Later, Dear Husband took healthy Five-year-old out for the evening, and I spent a lovely time romping with Three-year-old. We built cities with blocks, and played with her toy cars, which she likes to stuff in her pockets or her baby doll diaper bag. We cooked pretend food and pretended to be doggies and kitties. Then I tickled her and we rolled around on the floor and giggled a lot. I was overcome by a sense of her "otherness." Because she has some developmental delays, and language has been slow in coming, I've thought of her as a baby for much longer than she has been one.
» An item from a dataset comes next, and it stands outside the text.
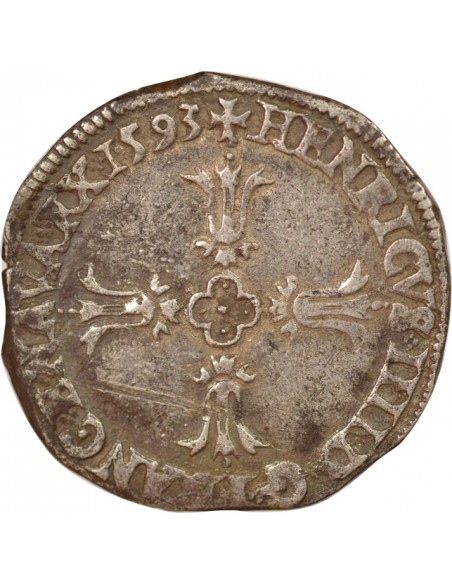 Roi de Navarre et de France Croix Feuillue 1/4 écu Argent 1593 L Bayonne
She may not yet have the words for all her questions and frustrations and wonderment, but I think she has the thoughts for them, and I was struck tonight by how much older she is than I think of her.

All of this I have to be thankful for, and more: I am experiencing something that has seemed out of reach--peace, contentment, joy. I feel like a cat in a sunny window.


  1. What a good mother you are. I really enjoy the descriptions of your family life.



  2. Well, my wife is wonderful. I don't think I could have better with a sick child at home. Our Abby is a wonderful gift from G-d. Oh, the 5 year old and Dear Tired Husband didn't get home until midnight shopping at Dillards for the 5 year old, who wanted to perfect lipstick, not lip gloss.

  3. It sounds so cozy. Similar scene here, though we watched "Because of Winn Dixie" which was such a good movie; its message made everything even cozier.

    Happy holy days not-so-bad Alice.

  4. lovely lovely pic of family life.

    blessings and love

  5. Glad you all had a great holiday! We stayed home, visited a local restaurant and took in an archtectural<---(I know I messed that word up) in the form of a gingerbread city.